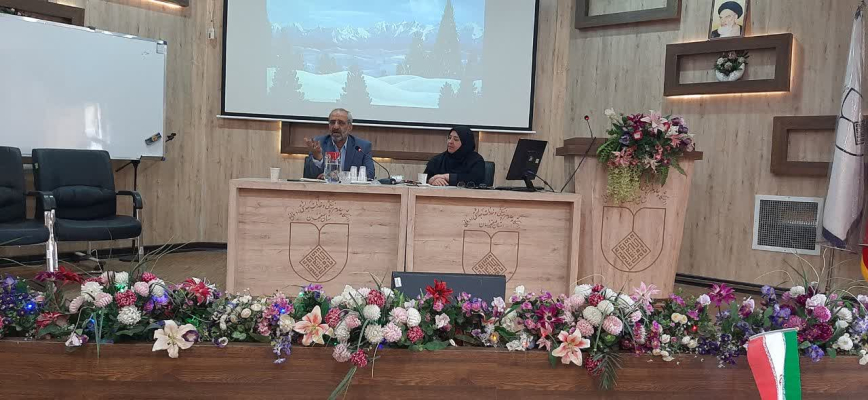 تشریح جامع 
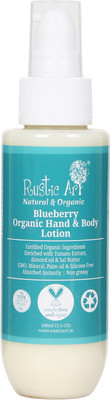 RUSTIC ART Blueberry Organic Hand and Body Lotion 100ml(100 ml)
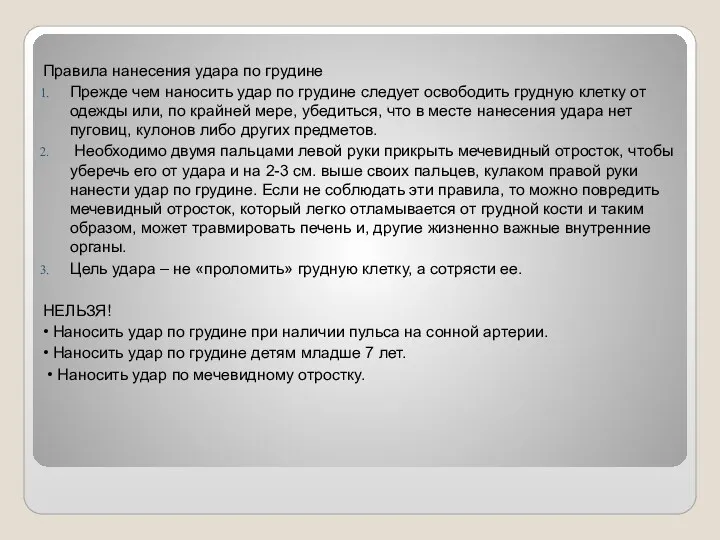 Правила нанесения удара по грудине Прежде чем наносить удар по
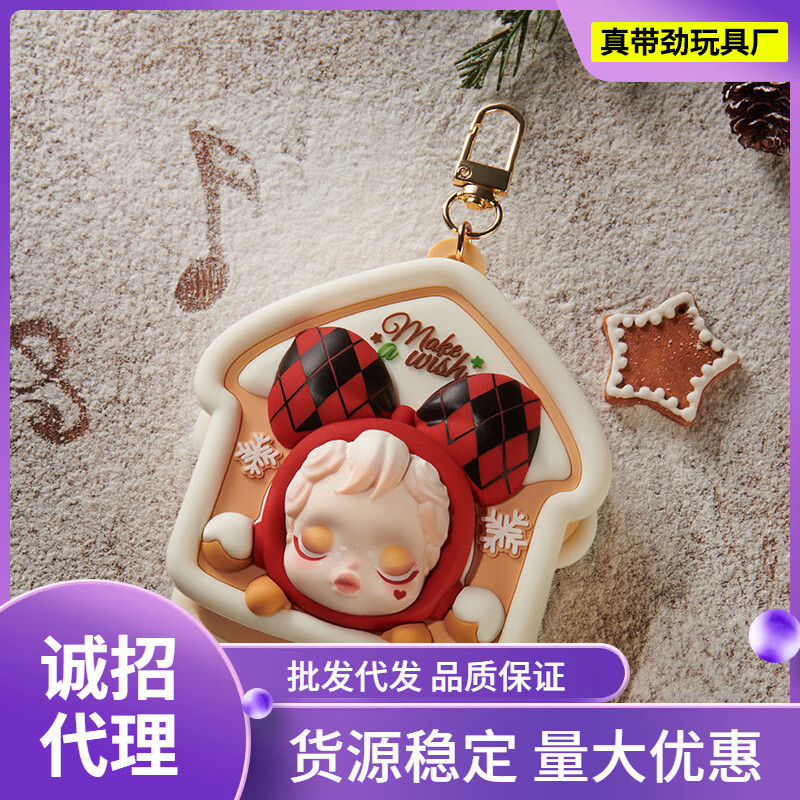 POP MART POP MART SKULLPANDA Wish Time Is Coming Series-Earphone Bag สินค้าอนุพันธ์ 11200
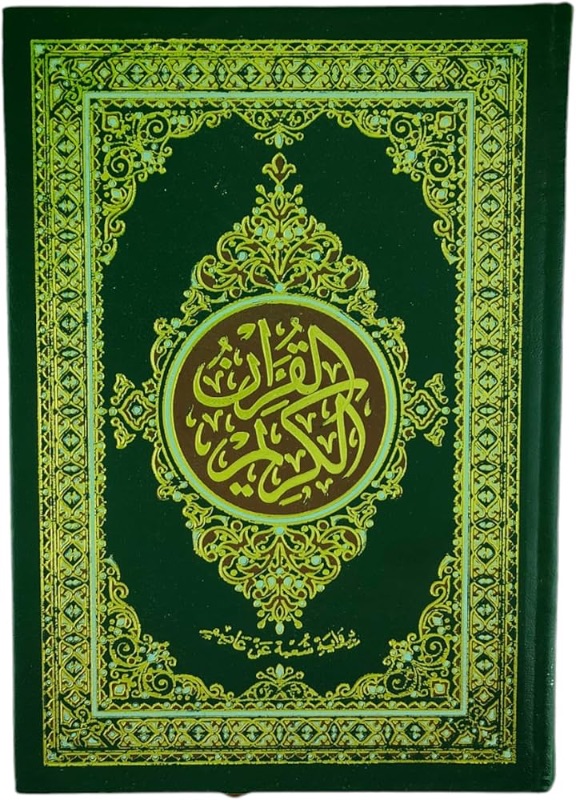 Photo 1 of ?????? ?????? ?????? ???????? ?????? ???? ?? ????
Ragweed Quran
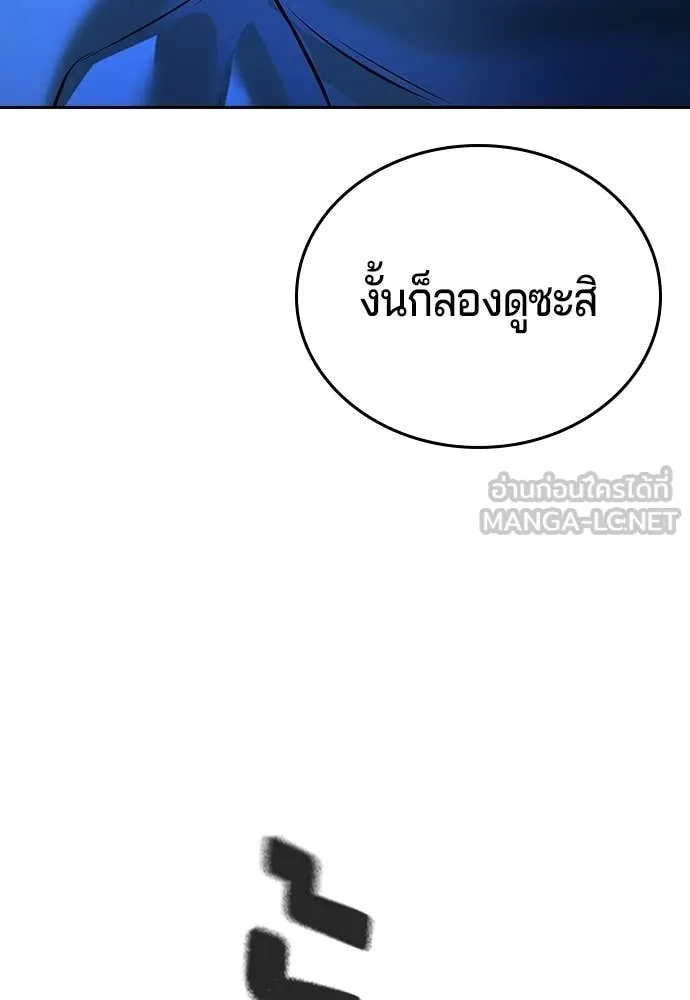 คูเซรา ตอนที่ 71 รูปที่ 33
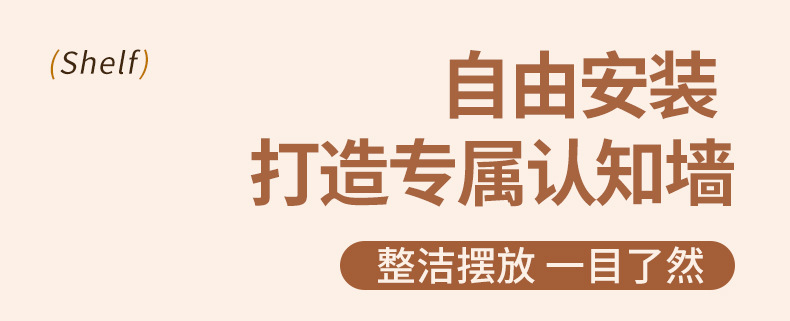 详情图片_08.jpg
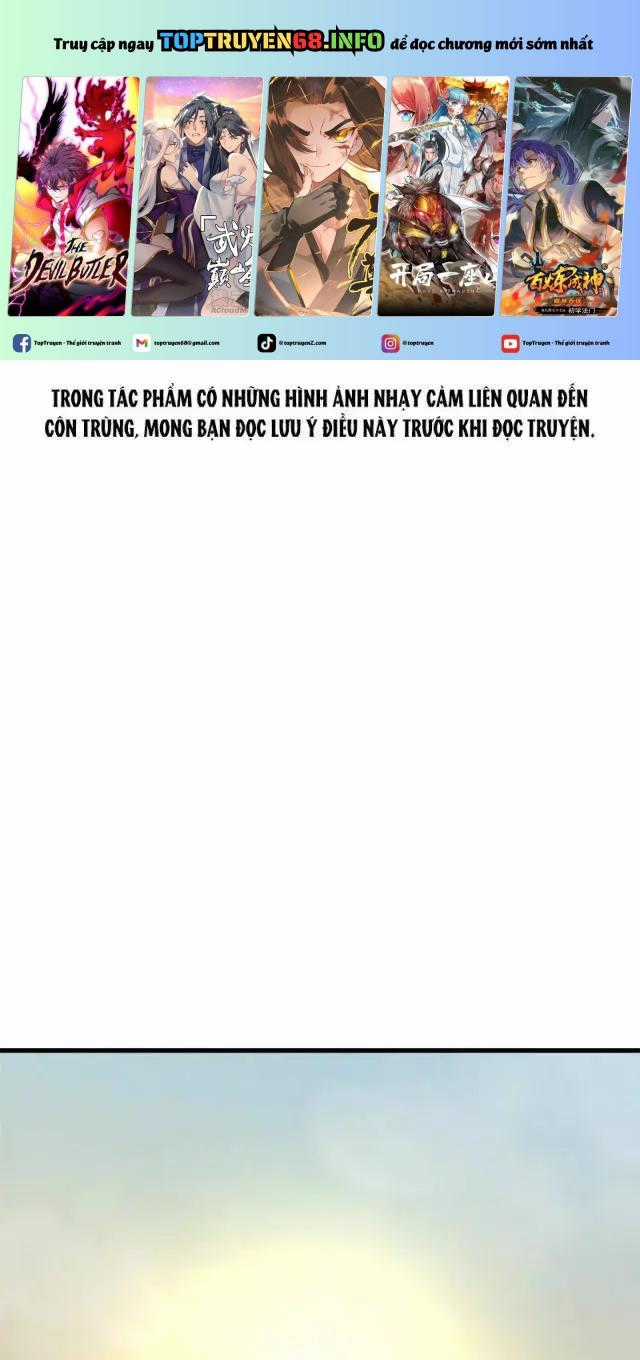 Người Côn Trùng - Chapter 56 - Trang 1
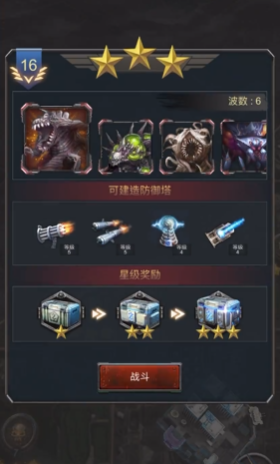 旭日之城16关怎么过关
***
__PROBLEM TO WORK ON__:
Starting at the line that contains "RUSTIC ART Blueberry", retype each line through the final one in the listing, with both ends kept and the pictures omitted.

__OUTPUT__:
 RUSTIC ART Blueberry Organic Hand and Body Lotion 100ml(100 ml)
 Правила нанесения удара по грудине Прежде чем наносить удар по
 POP MART POP MART SKULLPANDA Wish Time Is Coming Series-Earphone Bag สินค้าอนุพันธ์ 11200
 Photo 1 of ?????? ?????? ?????? ???????? ?????? ???? ?? ????
Ragweed Quran
 คูเซรา ตอนที่ 71 รูปที่ 33
 详情图片_08.jpg
 Người Côn Trùng - Chapter 56 - Trang 1
 旭日之城16关怎么过关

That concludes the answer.